Like Soylent Green, corporations are made of people. How many innocent investors and employees are you willing to punish for the malicious actions of a few? What if the company provides a vital service to its customers? Draconian solutions rarely work out well in practice. A fine many times larger than any possible profit creates the same disincentive, without suddenly telling a bunch of unrelated workers "sorry, no paycheck for you this month".
Re:WTF? (Score:5, Insightful)
Draconian solutions remind everyone of their personal responsibility. Rest assured that if investing in corporations that break the law came with actual monetary costs, pretty soon people would be avoiding the stocks of those corporations like the plague. And nothing of value would be lost.
Re:Extremely Sceptical (Score:4, Insightful)
If this is part of the standard install it should be easy to duplicate and with the publicity this is sure to generate it's likely to be attempted.. personally I'll wait for a technical person to comment on this and more importantly provide the details rather than "After an in-depth analysis of the laptop, my conclusion was that this software was installed by the manufacturer, Samsung" (that's not good enough imho).
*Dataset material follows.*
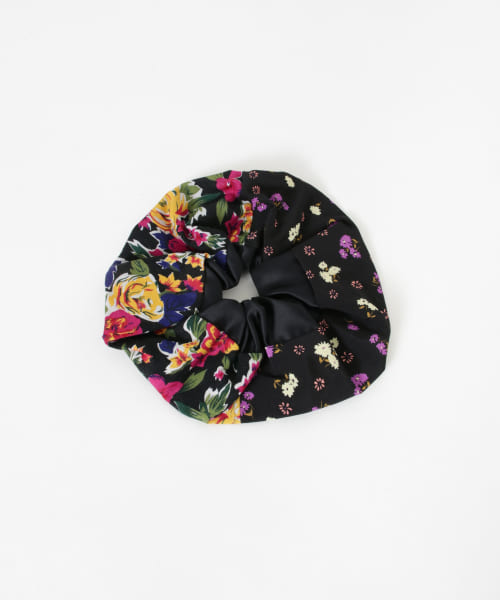 77circa　make flower big scrunchie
This is not believable. (Score:3, Insightful)
I mean, literally, unbelievable. I do not believe it. And anyone else who believes it without some proof apart from what this dude says, is a god damned moron. Apparently that's most of the people in this thread.
(The fact that someone at Samsung seems to have "confirmed" it just means that someone got hold of an idiot somewhere and he said some stupid crap, probably without even understanding what he was saying.)
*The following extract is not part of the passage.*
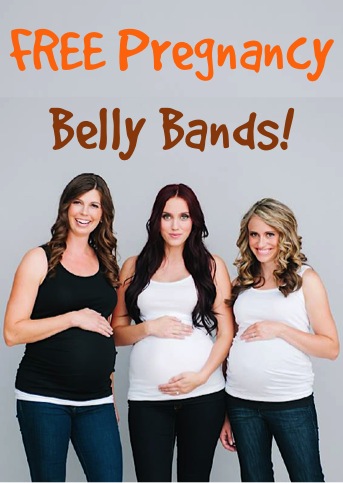 2 FREE Pregnancy Wardrobe Belly Bands {+ s/h}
Re:WTF? (Score:5, Insightful)
That isn't a bad thing. It means the company will have trouble attracting quality talent unless it develops a system and policy to NOT do things like install root kits on computers. If you work for a company that does bad things, and you pay a price, you might want to go work somewhere else, or risk paying that price.
Is it "fair" to all the low level employees? Maybe not, but it will be effective in protecting the general public, which means it is worth the price, since it creates an incentive for companies to NOT be asshats and install root kits on devices.
What is fair is that companies (and shareholders) pay a price for breaking the law. This is the only way you can pressure stockholders and employees to pressure their management to do business in a fair and honest way, by having a "price" for not doing so.
UPDATE THE SUMMARY PLEASE! (Score:1, Insightful)
Hey fucking useless Slashdot editors... please update the summary so you don't continue to slander Samsung over this one guy's erroneous complaint.